> **What you will do**: Please retype the data in full and exactly; the pictures are not part of the copy.

> **Information provided**:
*** Begin section ***

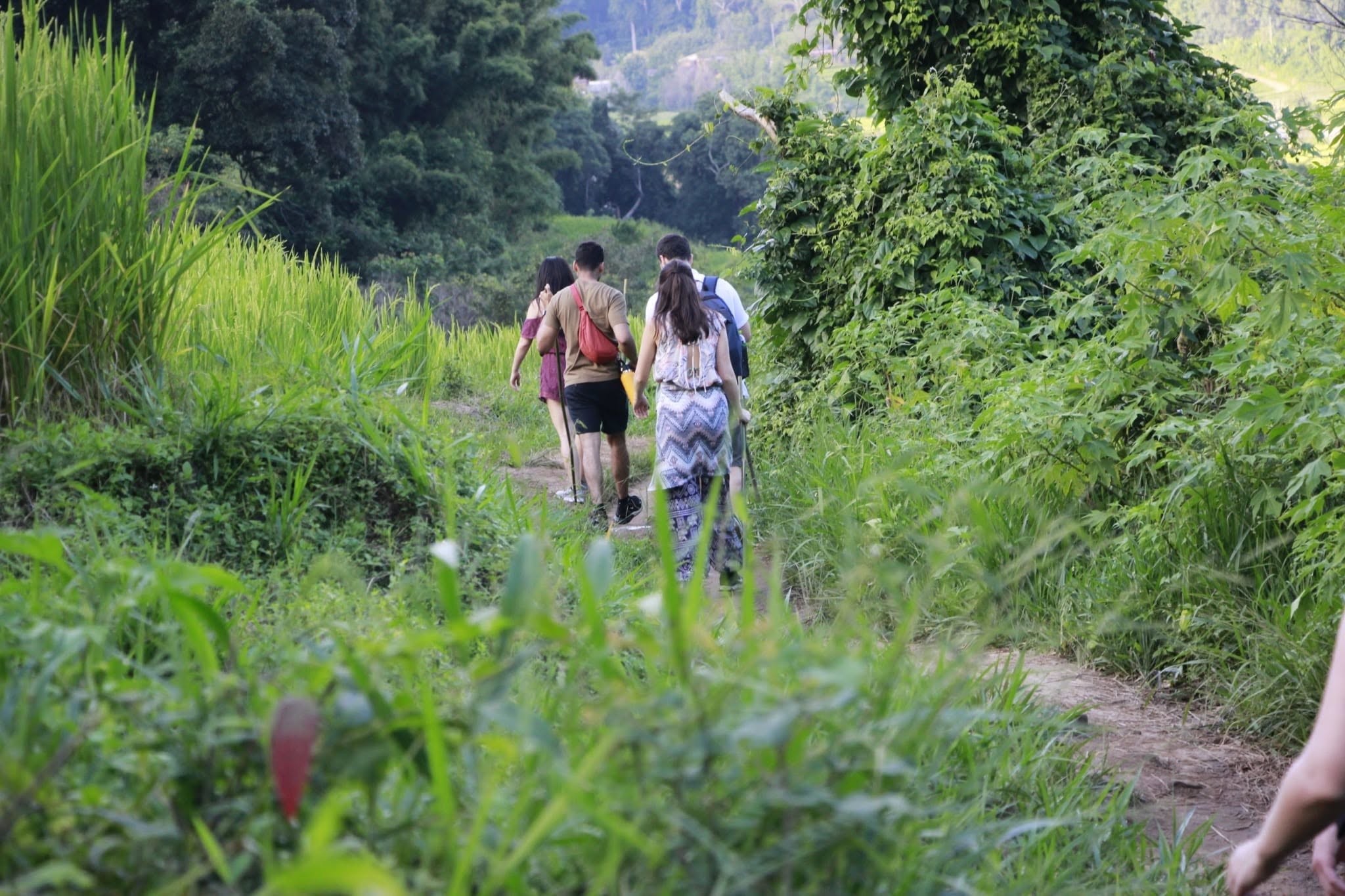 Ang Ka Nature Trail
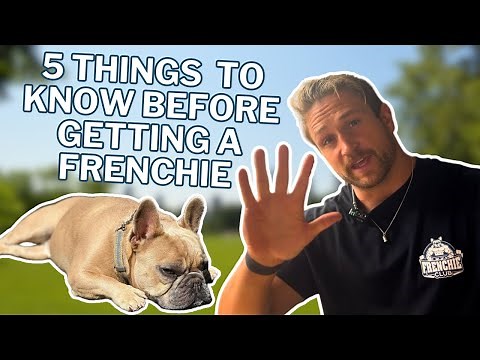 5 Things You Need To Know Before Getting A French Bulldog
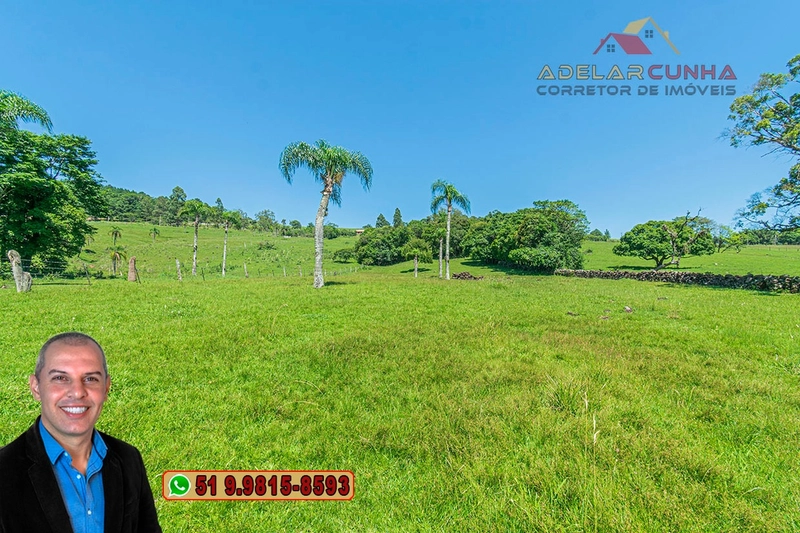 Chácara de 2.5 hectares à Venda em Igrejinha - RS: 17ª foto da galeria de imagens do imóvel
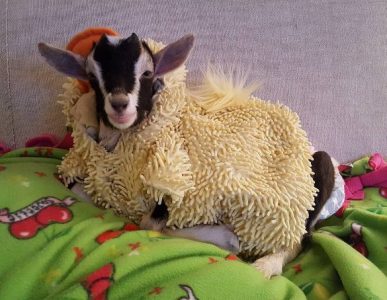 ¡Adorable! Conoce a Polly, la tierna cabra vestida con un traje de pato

*** End section ***

> **Result of this task**:
 Ang Ka Nature Trail
 5 Things You Need To Know Before Getting A French Bulldog
 Chácara de 2.5 hectares à Venda em Igrejinha - RS: 17ª foto da galeria de imagens do imóvel
 ¡Adorable! Conoce a Polly, la tierna cabra vestida con un traje de pato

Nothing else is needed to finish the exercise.